Other recent studies do appear to provide support for a link between the frequency of clusters in corpora and holistic storage. Using the same materials as Schmitt and Underwood (2004), Underwood et al (2004) used an eye-tracking paradigm to study native and non-native speakers’ reading of formulas embedded in short contexts. They found that both natives and non-natives fixated on target words less often when they appeared as the final words of a formulaic sequence than when they appeared in other contexts. They also found that natives (but not non-natives) fixated on targets for shorter durations when they were found within formulas. Underwood et al conclude that these results are consistent with the idea that formulas are stored holistically by native speakers and suggest that the somewhat ambiguous results seen for non-natives (fewer, but not shorter) fixations, may indicate only partial knowledge of the
formulas). The emergence of reliable effects here, using the same materials as those in Schmitt and Underwood (2004), suggests that the failure to find an advantage for formulaic sequences in that study may have been due to the acknowledged methodological problems.
Jiang and Nekrasova (2007) also claim to find evidence for holistic storage of formulaic sequences in both native and non-native speakers. They found
grammaticality judgements for 26 formulaic sequences taken from previous corpus- based studies (again, no actual frequency data are provided) to be both faster and more accurate than judgements for matched control strings (in which formulas were
changed by one word to create a more novel string). This suggests, they conclude, that the formulaic items are recognised holistically, obviating the need the full syntactic analysis which must presumably take place for the novel strings.
In a series of studies, Tremblay et al (in preparation) used self-paced reading and memory tasks to determine whether high frequency lexical bundles are holistically stored in the mind. The lexical bundles were either four-word strings found in the spoken part of the British National Corpus (BNC) with a mean frequency of at least 10 occurrences per million words, or five-word strings appearing in the same corpus at least five times per million words. Control phrases were created by substituting one word in each string with a replacement which was individually more frequent and (on average) shorter than the original and such that the new phrase was less frequent in the BNC than the original. In a word-by-word self-paced reading task, the replaced word
in the original bundle was found to be read significantly faster than its replacement in the control phrase; in a segment-by-segment self-paced reading task, entire lexical bundles were read significantly faster than control phrases, and in a sentence-by- sentence task, sentences containing the original bundles were read significantly faster than those containing their replacements.
Working on the idea that holistically-stored bundles should take up less space in working memory than novel strings of the same length, which need to be represented word-by-word, Tremblay et al also test the memory load of lexical bundles and their controls. They presented subjects with the lexical bundles or control phrases described above, along with a string of individual words and then asked them to recall the phrase and the words.
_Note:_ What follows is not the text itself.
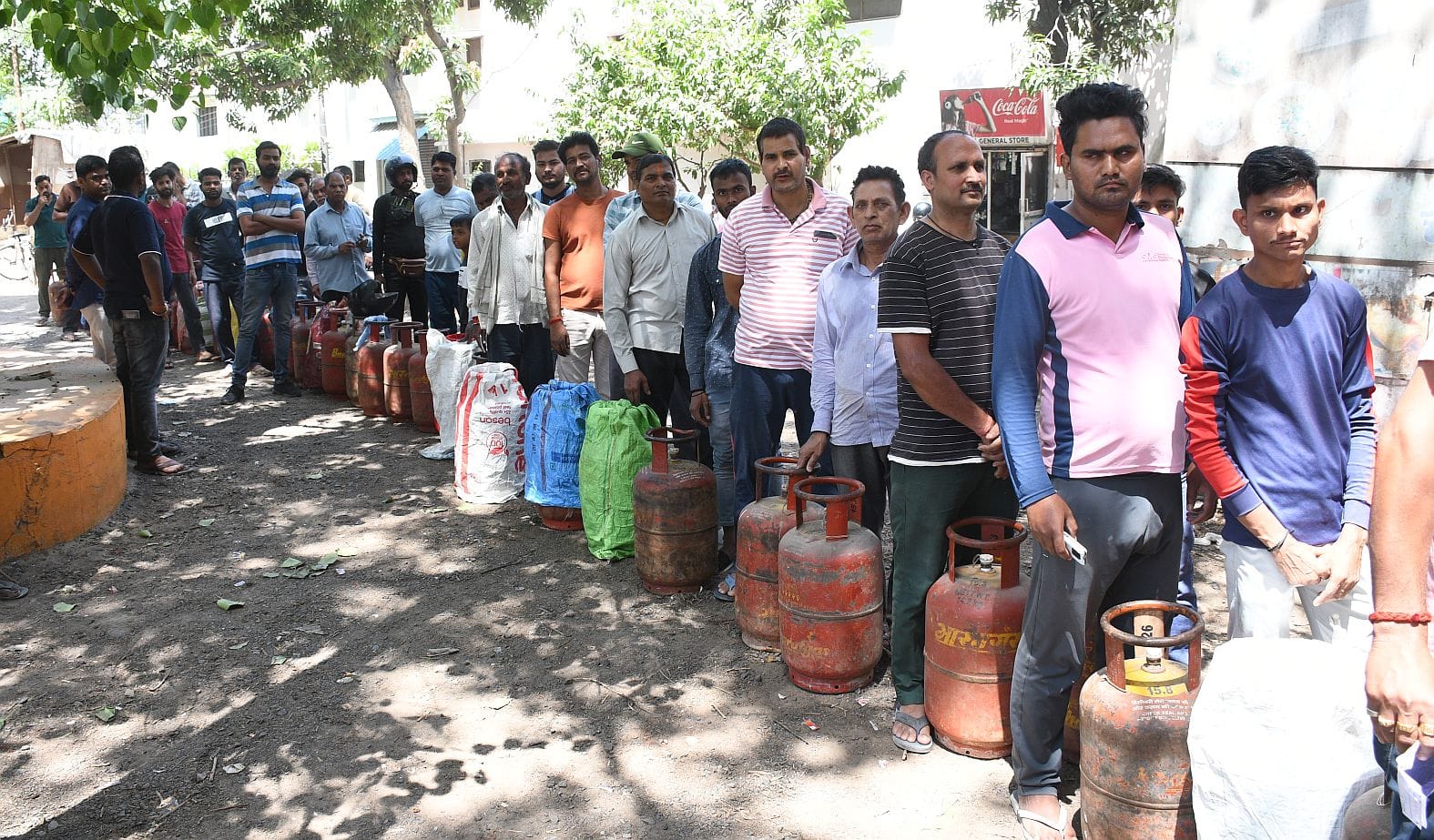 गैस सिलिंडर लेने पहुंचे लोग।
When the input was presented visually, they found significantly better recall for both lexical bundles and their following words than for control phrases and their following words, suggesting that lexical bundles may indeed place less strain on working memory. When input was presented in the auditory modality, better recall was again found for the lexical bundles than for the control phrases, but not for their following words. The authors speculate that this may have been because natural intonation features of the lexical bundles had been deliberately stripped out of the recordings by using synthesised speech.